> DATASET CONTENT
Start of Block

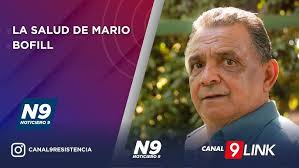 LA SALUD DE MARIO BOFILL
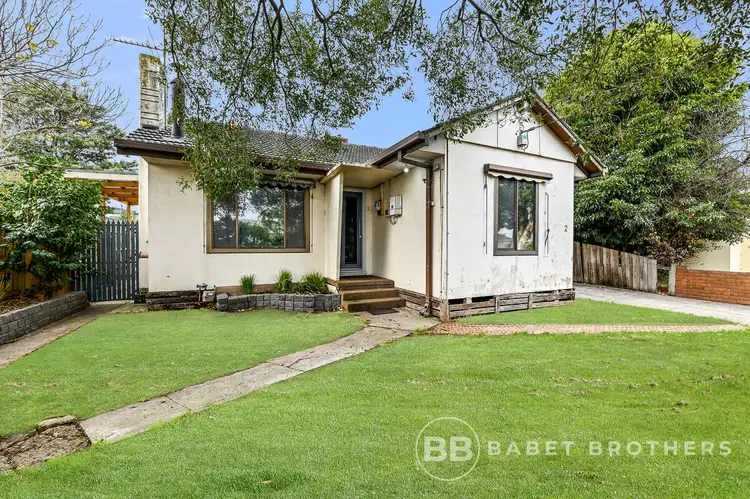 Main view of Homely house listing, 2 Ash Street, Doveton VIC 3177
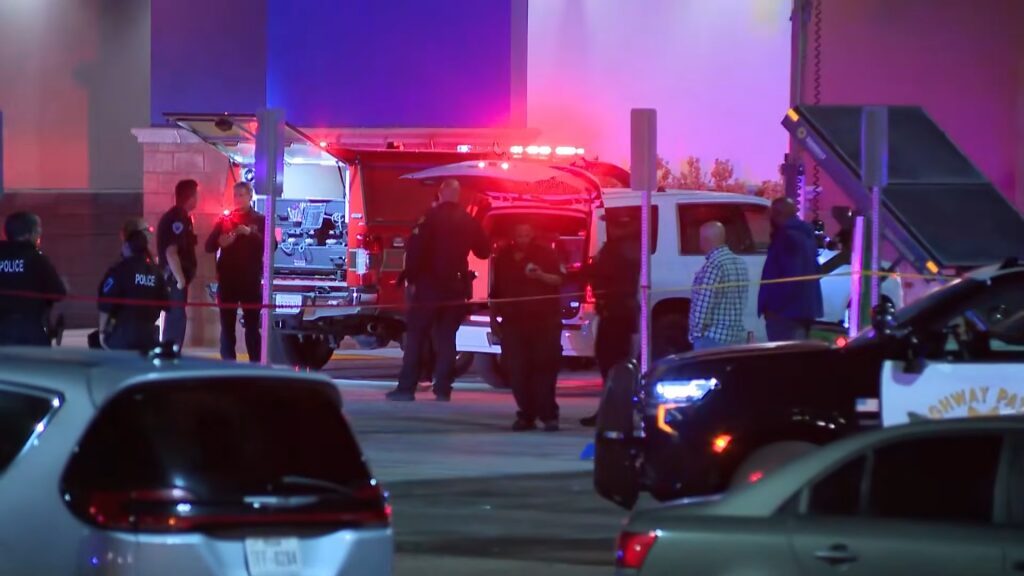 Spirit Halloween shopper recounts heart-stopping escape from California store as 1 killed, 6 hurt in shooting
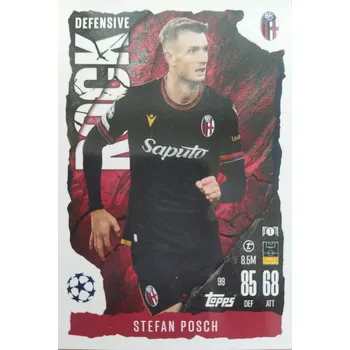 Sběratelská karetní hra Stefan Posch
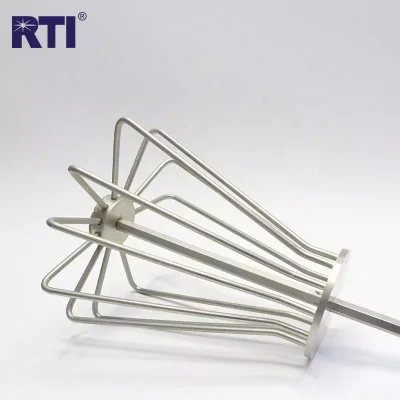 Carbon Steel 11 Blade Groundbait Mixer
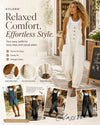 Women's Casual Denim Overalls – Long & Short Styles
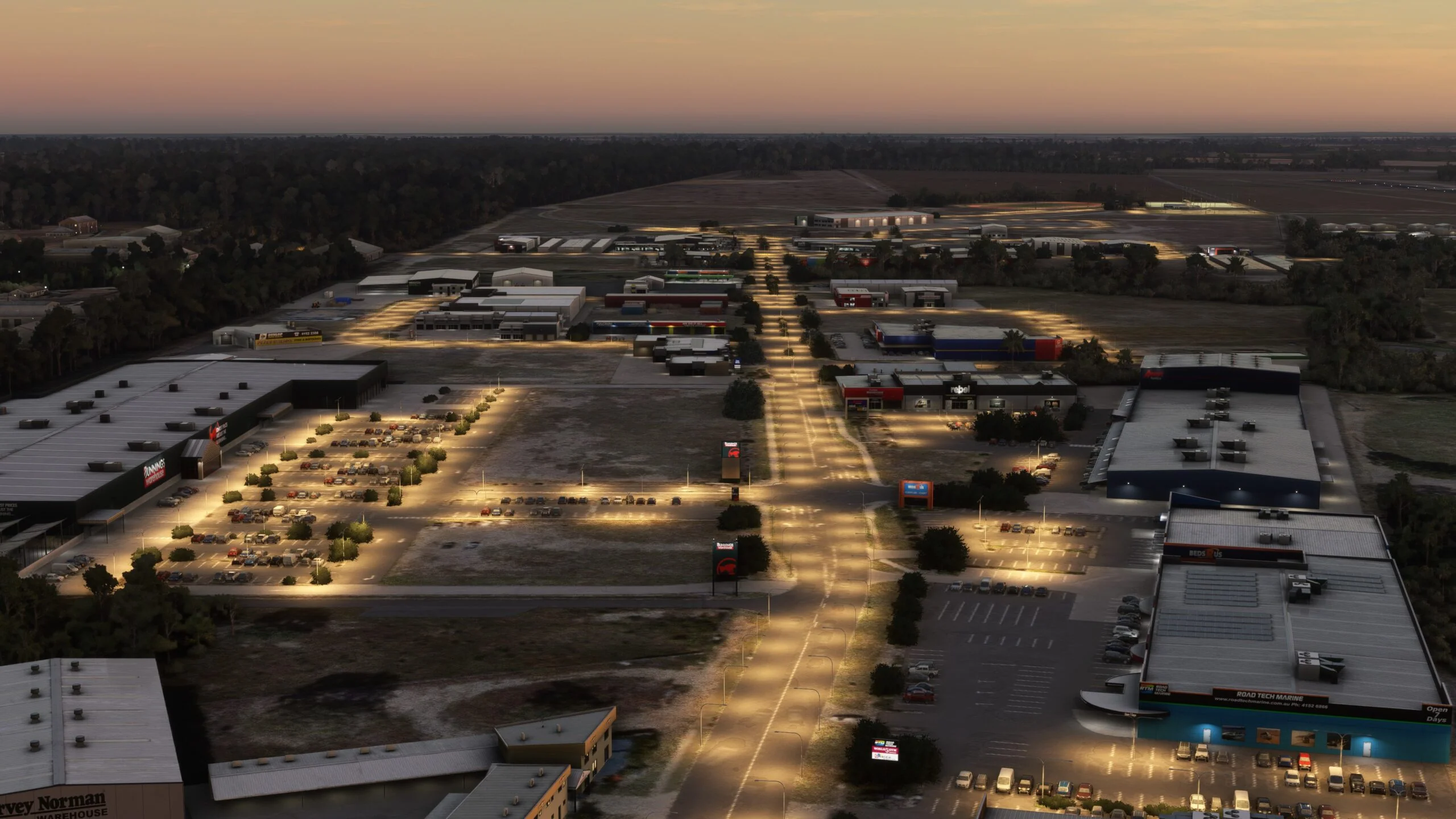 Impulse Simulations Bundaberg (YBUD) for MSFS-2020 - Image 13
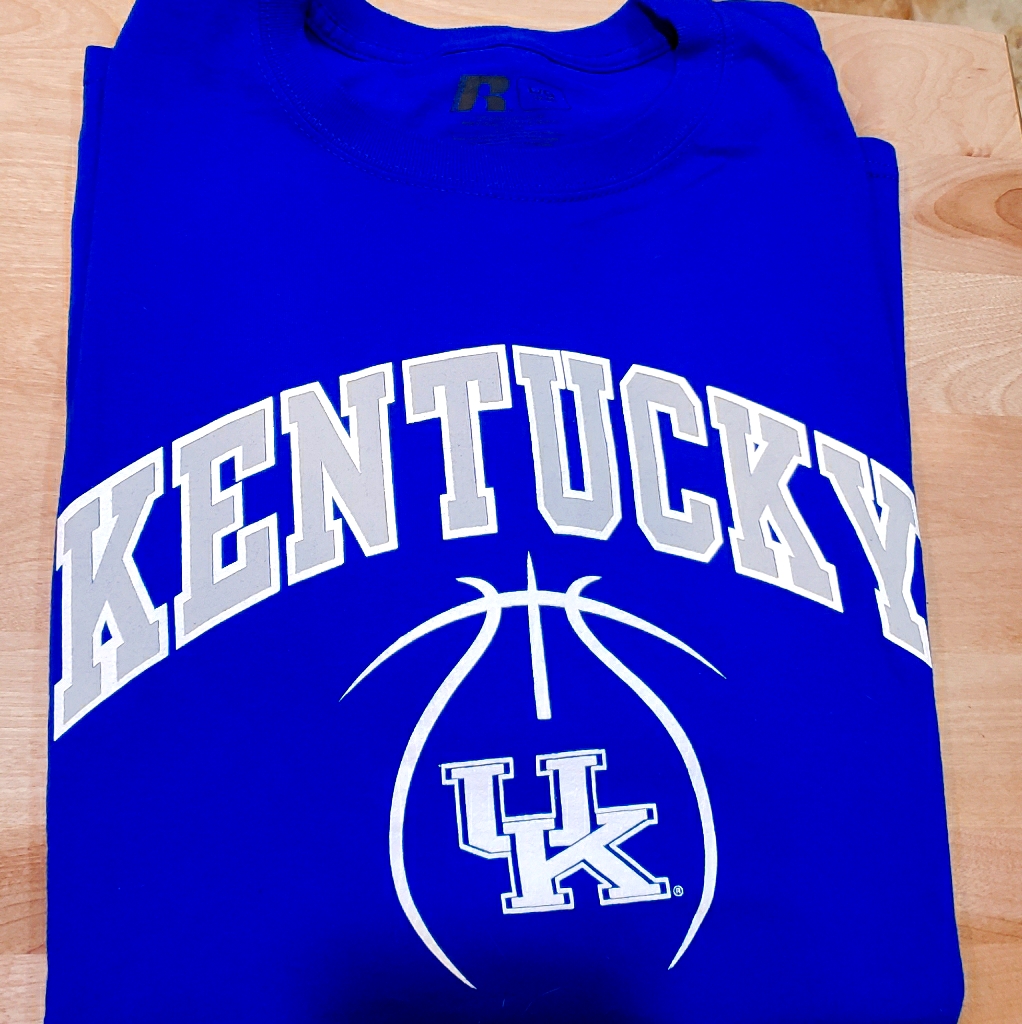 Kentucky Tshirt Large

End of Block
Start of Block

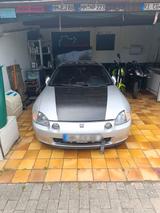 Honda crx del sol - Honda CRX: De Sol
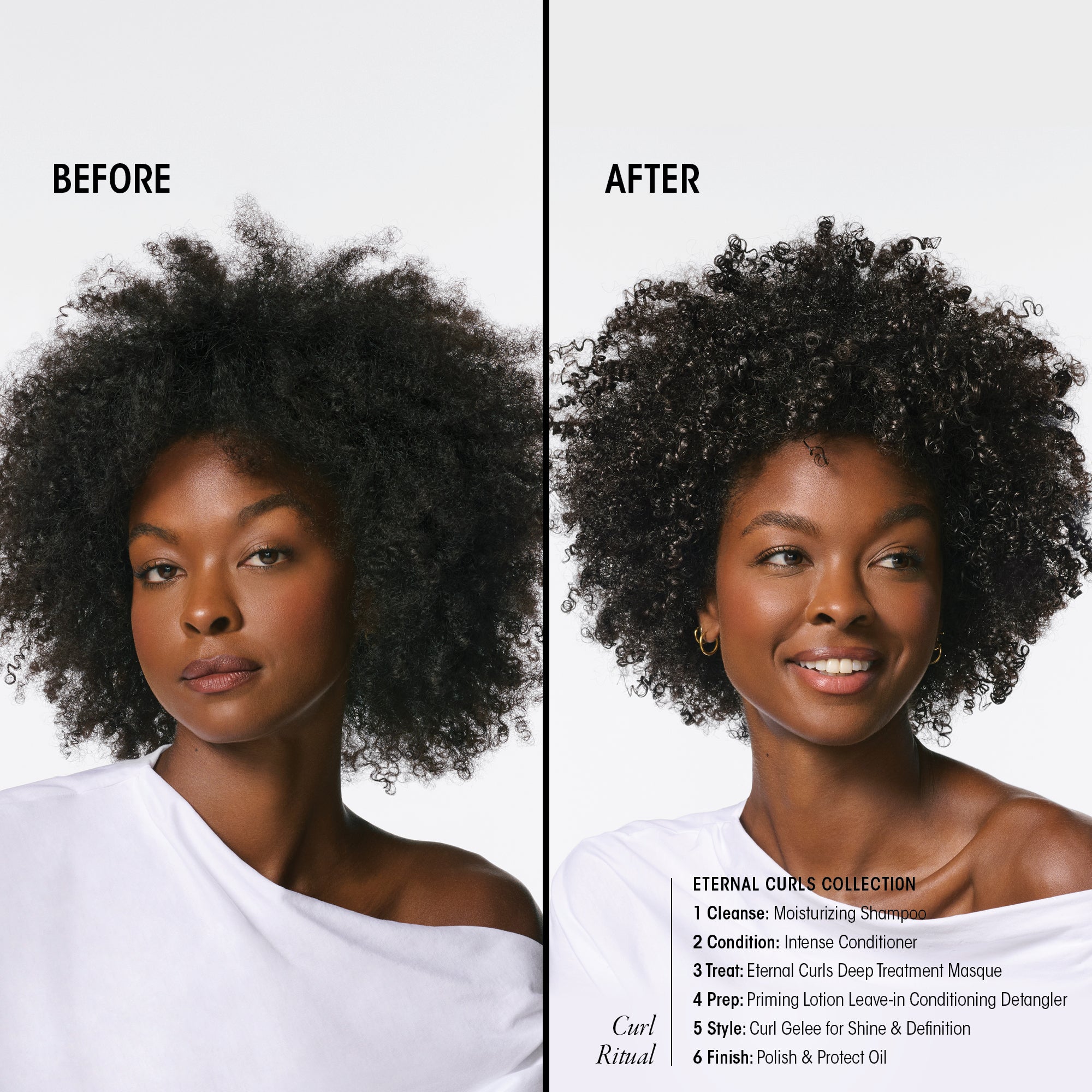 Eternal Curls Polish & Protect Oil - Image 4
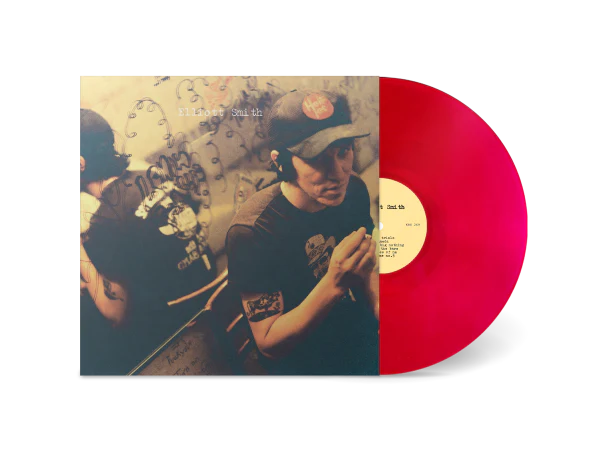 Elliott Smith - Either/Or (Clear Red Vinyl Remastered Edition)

End of Block

Out of the records above, return only the lines from the one with "Honda crx del sol - Honda CRX: De Sol" through the one with "Elliott Smith - Either/Or", exactly, and none of the pictures.

> EXERCISE RESPONSE
 Honda crx del sol - Honda CRX: De Sol
 Eternal Curls Polish & Protect Oil - Image 4
 Elliott Smith - Either/Or (Clear Red Vinyl Remastered Edition)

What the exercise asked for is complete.